Lino Selvatico, il pittore che cercava sulla tela l’anima delle donne

di GIOVANNA PASTEGA
«Squisito indagatore dell'anima, a traverso le fattezze del volto umano». Così lo storico Pompeo Molmenti definiva Lino Selvatico, uno dei ritrattisti veneti più in voga del primo '900.
Figlio del poeta e commediografo Riccardo Selvatico, sindaco di Venezia alla fine dell'800 ma soprattutto ideatore della Biennale d'Arte, Lino dopo gli studi di giurisprudenza intraprese subito la strada della pittura esordendo alla Biennale del 1899 e poi partecipando a quasi tutte le successive. Proprio attraverso la frequentazione assidua dell'esposizione internazionale d'arte l'artista si collocò precocemente nella linea di rinnovamento che dall'Inghilterra all'Irlanda, dalla Spagna alla Francia, caratterizzò le prime edizioni della kermesse veneziana.
A questo squisito artista, richiestissimo dall'aristocrazia veneziana e milanese per le sue spiccate doti ritrattistiche, il Museo d'arte moderna di Ca' Pesaro ha dedicato la mostra "Lino Selvatico.

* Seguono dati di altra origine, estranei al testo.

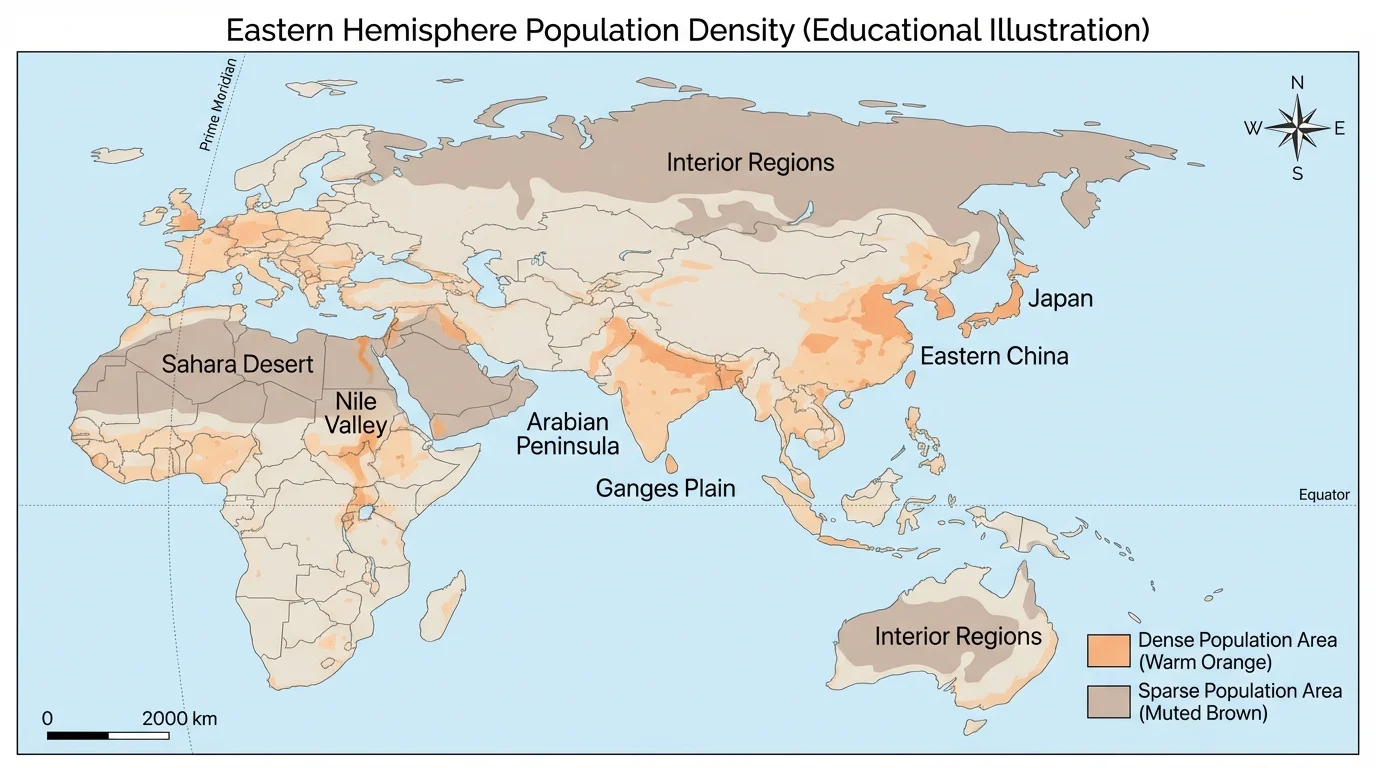 shaded Eastern Hemisphere map highlighting dense population in the Nile Valley, Ganges Plain, eastern China coast, Japan, and sparse population in the Sahara and interior regions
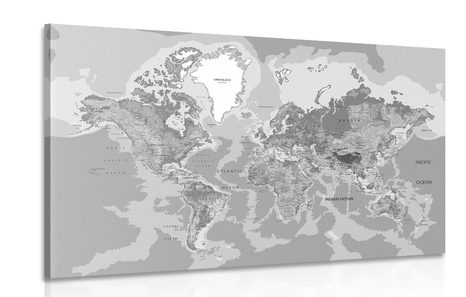 CANVAS PRINT CLASSIC WORLD MAP IN BLACK AND WHITE - PICTURES OF MAPS - PICTURES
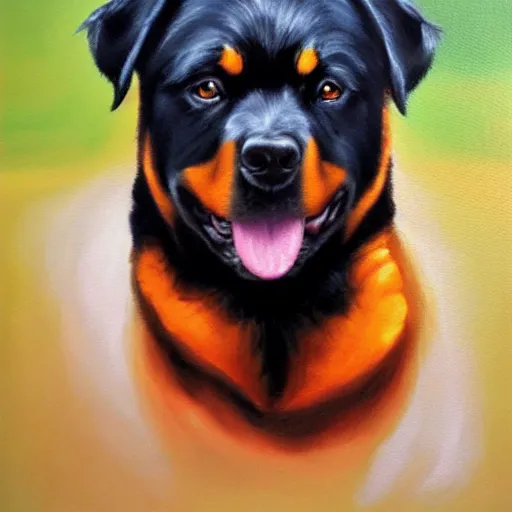 Prompt: emo Rottweiler oil painting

Una seconda Belle Époque" aperta fino al prossimo 31 luglio. «Questa monografica - spiega la direttrice Elisabetta Barisoni - nasce dalla volontà di valorizzare le raccolte che in passato sono arrivate a Ca' Pesaro grazie alle acquisizioni fatte dal Comune di Venezia nelle varie Biennali. Di Selvatico furono acquistate cinque opere, tra le quali il celebre "Ritratto della Contessa Annina Morosini", “Madre e figlio" e "Cappuccetto grigio", tutte visibili in mostra».
Le tre sezioni in cui è stata articolata l'esposizione, "Donna", "Famiglia" e "Modella", riprendono i temi cardine esplorati da Selvatico nella sua attività di ritrattista dell'alta società. Dai grandi quadri a figura intera, nei quali appaiono le più note dame dell'epoca ritratte nelle eleganti quanto teatrali pose in voga nella Belle Époque, alle immagini più intime e familiari di donne e bambini dallo sguardo malinconico, sino ai piccoli nudi realizzati dal pittore per le sue personali sperimentazioni, in cui la pennellata si spezza intercettando le nuove correnti pittoriche d'oltralpe, tutte le opere di Lino Selvatico rivelano un pittore ancora fortemente legato agli stilemi ottocenteschi e persino settecenteschi, tuttavia capace di interpretarli in modo autenticamente personale, quasi idealizzandone i tratti, ma soprattutto un ritrattista che è riuscito, smarcandosi sia dall'influsso del realismo che dell'impressionismo, a tradurre l'eredità coloristica della scuola veneziana attraverso le suggestioni internazionali respirate nelle varie Biennali d'Arte.
«Selvatico non è uno sperimentatore - spiega Elisabetta Barisoni - ma poco importa. La sua grandezza sta proprio nella capacità di scavare all'interno della propria cifra pittorica e del proprio modo di interpretare il ritratto fin nell'essenza più profonda. Non a caso è stato definito il pittore dell'anima delle donne».
Meno note sono la produzione grafica dell'artista e la sua attività di abile disegnatore, propedeutica ai dipinti o riservata a ritrarre gli affetti familiari: l'amata moglie e i figli. Fu anche uno dei primi a utilizzare la fotografia come elemento preparatorio alla pittura. In una lettera del 1922 al ministro Josè del Prado, che gli aveva chiesto di ritrarre il re Alfonso XIII di Borbone, Selvatico spiega con chiarezza le fasi del proprio lavoro: «Io sono solito di studiare, da prima, il soggetto che devo ritrarre, attraverso parecchi diversi disegni e fotografie, da me stesso tratte dall'originale col quale giungo così a familiarizzarmi. Poi, nella tranquillità raccolta del mio 'atelier', cerco di fissare sulla tela il ricordo sintetico della persona che mi è ravvivato da quei documenti».